Logger logger = LogFactory.getLogger("PoweredByEDAS");

String product = "EDAS";
logger.info("This is powered by product: " + product);

This article aims to illustrate performance practices in the logging process through several technical points. Performance in the field of computers often follows the iceberg law, where what we see and what programmers perceive is only a small part, as many details are hidden beneath the surface. Referencing the figure below:

1

The figure above illustrates that when a programmer generates log content in the business code using logger.info, the log is sent to its destination: the disk. However, before being flushed to the disk, the log content goes through various layers of processing, including the log framework, JVM, and Linux file system. This can be compared to transferring goods at multiple stop stations along the way. The entire transportation system, consisting of vehicles, drivers, and roads, represents the "log channel" in the figure. This figure also provides us with ideas for systematic optimization, including avoiding channel congestion, reducing visible service overhead, and minimizing invisible system overhead.

Avoid Channel Congestion

In the transportation system, there are two main ways to avoid channel congestion:

1) Try to control the transportation flow.

2) Optimize the entire transportation system (such as by building more roads, and adding more information technology).

In the context of log output, programmers have control over the content of business logs and the configuration of log policies. However, a significant portion of system capabilities depends on the performance of the underlying infrastructure. As programmers, we should focus on optimizing what we can control and decouple what we cannot control. This is the main idea of this chapter.

Reduce Business Output Content

It is evident that larger log content places greater pressure on the entire system. To quantify this difference, we conducted the following test comparison:

• In the first group, we wrote logs of varying sizes to memory.
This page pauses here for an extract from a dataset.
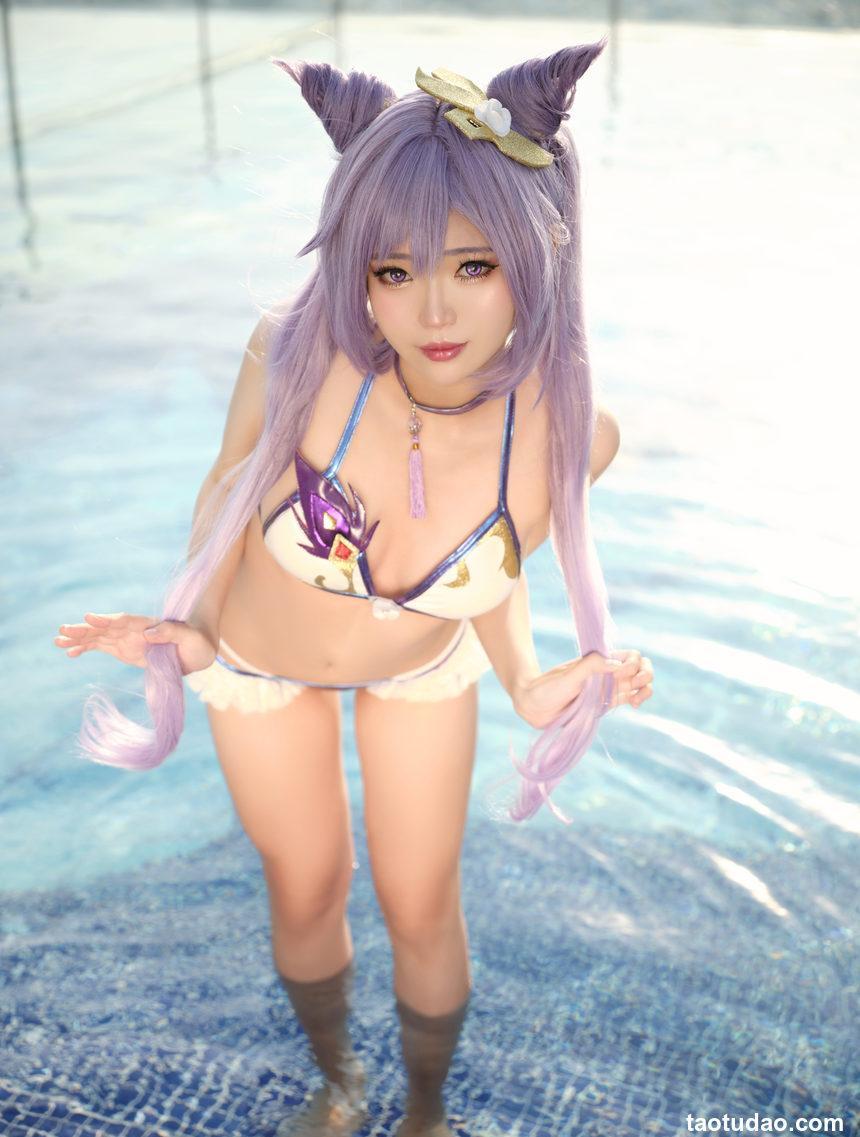 ZinieQ – NO.125 Keqing Swimsuit[15P-440M]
• In the second group, we wrote logs of varying sizes to disk files.

We use the CountingNoOp Appender in Log4j for writing logs to memory. This appender counts only the output logs during the actual log output process. To some extent, this testing method can measure the processing efficiency of a simple log framework.

<Appenders>
  <CountingNoOp name="NoOp">
  </CountingNoOp>
</Appenders>

From the test results presented in the following figure, we can see that even when the logs are not flushed, the throughput that is written decreases significantly as the size of the content gets larger.

2

In the test of the other group, we wrote different log sizes into disk files and made similar comparisons. From the experimental results, we can draw two simple conclusions:

  1. Compared to the throughput written to memory, the gap between the two throughputs increases as the log content becomes larger.
  2. In the disk scenario, as the quantity of output content increases, a noticeable downward trend can be observed, although it gradually levels off as the content continues to increase.

The specific results are shown in the following figure:

3

The data in the line chart was obtained at a speed of approximately 400 MB/s provided by an I/O device. When the I/O is not fully utilized, increasing the written content can still enhance the overall writing volume. However, once the device bottleneck is reached, further writing will lead to stacked written content.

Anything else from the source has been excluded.